Peggy wakes up later to find Don, looking clean and well-groomed. Completing their role reversal, Don asks her about his ad. This time it's Peggy's turn to be skeptical. "Why are you shitting on this?" Don asks, sounding like Peggy.
"It's good," Peggy says, sounding like Don. "It's very good." Don may be Peggy's boss, but somehow the two are equals. And in some ways, Don has become the weaker of the two, and Peggy is now Don's protector. Remember how she wielded the suitcase like a shield in her TV pitch? "No matter what comes at me, I know I'm protected!" Don looks like he wants to say that as he grabs Peggy's hand and gives her a meaningful look. He's found his new Anna. Instead of pretending that nothing passed between them -- the way he did with Allison, his secretary -- he acknowledges that everything is different now.
Is this the ultimate work relationship, a pact between a new mother and a needy son, a budding romance, or some strange hybrid of all of the above? As Peggy leaves, she asks, "Open or closed?"
Don says: "Open."
The future for these two is wide open. Whatever happens, Don is feeling optimistic for the first time in months.

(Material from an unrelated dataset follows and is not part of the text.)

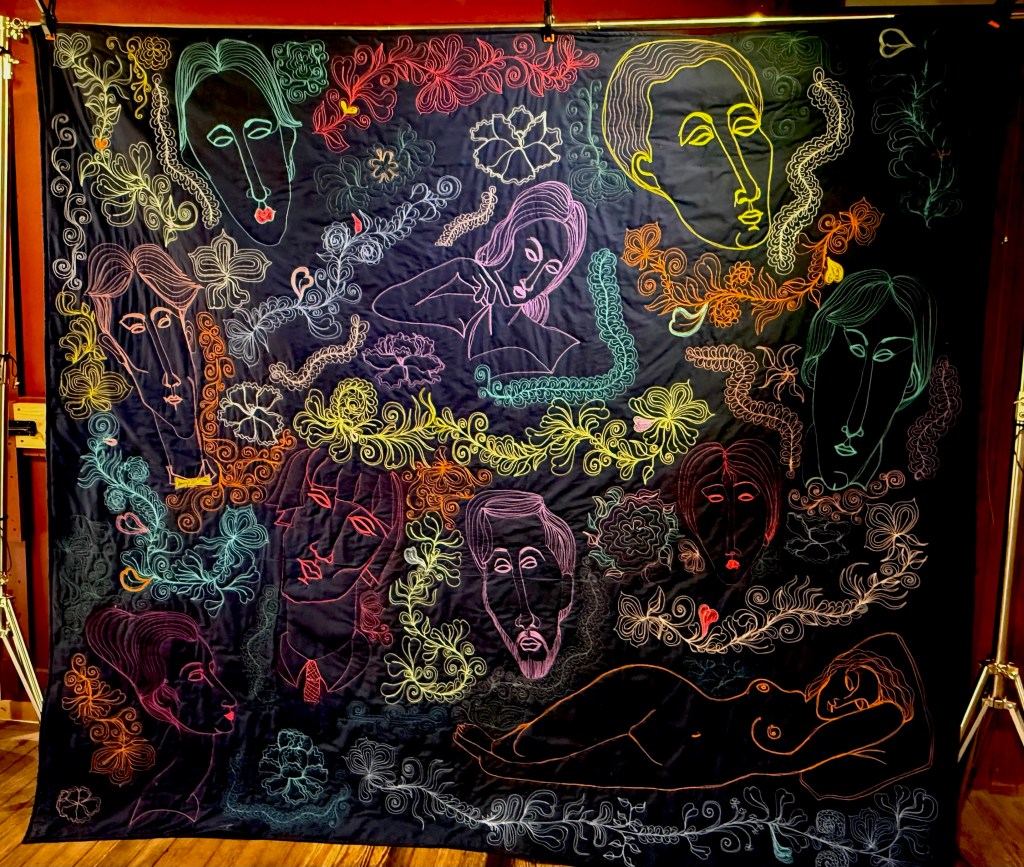 A colorful quilt titled 'Family Portrait' featuring outlined faces and floral designs, showcasing various expressions and intricate patterns on a dark background.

But can a healthy bond form between two people who turn their backs on their existing families, who can't tolerate the pressures and moral judgments of real life, who find solace in the strange form of unconditional acceptance they've cobbled together at the office? No matter how desperate we might be, as viewers, to see Don and Peggy tell each other the truth, to have a relationship of (almost) equals, to share details about themselves at last, becoming the new Anna has a somewhat dubious value to Peggy, considering that Don couldn't even bring himself to speak to Anna before she died. And what do we make of these allusions to Samson, the seemingly invincible warrior, brought down by Delilah's trickery? If their relationship is a mirage that lacks the intimacy and the stakes of a real-life bond, will Peggy be Don's eventual undoing?
Some hint of the future lies in Simon & Garfunkel's "Bleecker Street," which plays as the credits roll: "Smiling faces try to understand/ I saw a shadow touch a shadow's hand."